У меня выхода не было – только сюда. Иначе раздавили бы как кролика. Одна группа подошла от Михалычева дома, вторая со стороны наркологии, третья перекрыла юг. В Убежище путь и подавно закрыт – иначе полез бы я сюда??! Зажали в клещи, суки… Так и пришлось в сад нырять.

Пацаны много рассказали. Подготовили. Детский сад – это нечто… Идешь в один конец – попадаешь в другой. Но и только. В остальном тихо тут. Пыльно и безопасно. Как выйти назад – не знаю. Через дверь обратно не получается. Иду, иду, иду – а словно на месте стою. А еще эти окна… То жидкие, то твердые… Показывают разное… насмотрелся, пока тут сижу…
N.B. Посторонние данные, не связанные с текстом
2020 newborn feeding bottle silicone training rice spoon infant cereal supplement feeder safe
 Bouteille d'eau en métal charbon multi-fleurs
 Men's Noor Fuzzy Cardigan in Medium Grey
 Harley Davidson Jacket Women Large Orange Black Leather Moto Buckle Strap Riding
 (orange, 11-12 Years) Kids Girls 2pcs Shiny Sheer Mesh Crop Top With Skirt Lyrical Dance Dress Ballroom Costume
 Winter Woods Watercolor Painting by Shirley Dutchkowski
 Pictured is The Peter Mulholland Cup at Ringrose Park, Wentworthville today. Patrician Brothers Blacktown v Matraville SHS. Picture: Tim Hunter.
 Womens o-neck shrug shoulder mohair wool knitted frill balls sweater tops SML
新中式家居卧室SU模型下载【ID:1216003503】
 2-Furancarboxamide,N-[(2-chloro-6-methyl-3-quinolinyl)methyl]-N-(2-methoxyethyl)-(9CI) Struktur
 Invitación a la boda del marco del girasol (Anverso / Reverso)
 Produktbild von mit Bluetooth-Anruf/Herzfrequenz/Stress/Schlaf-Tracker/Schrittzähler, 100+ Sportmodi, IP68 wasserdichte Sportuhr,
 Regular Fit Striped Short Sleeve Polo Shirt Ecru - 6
За окнами разное. По большому счету темнота, но есть и забавное. Видел какое-то помещение с кучей стеллажей. Видел звезды – и много! Видел пустыню. Видел океан… Горы… Леса бескрайние до горизонта… Несколько раз открывалось на город и окрестности в разные времена года. Люди ходят, машины – а я стою за стеклом, как дурак, и выбраться не могу. Разбить его невозможно.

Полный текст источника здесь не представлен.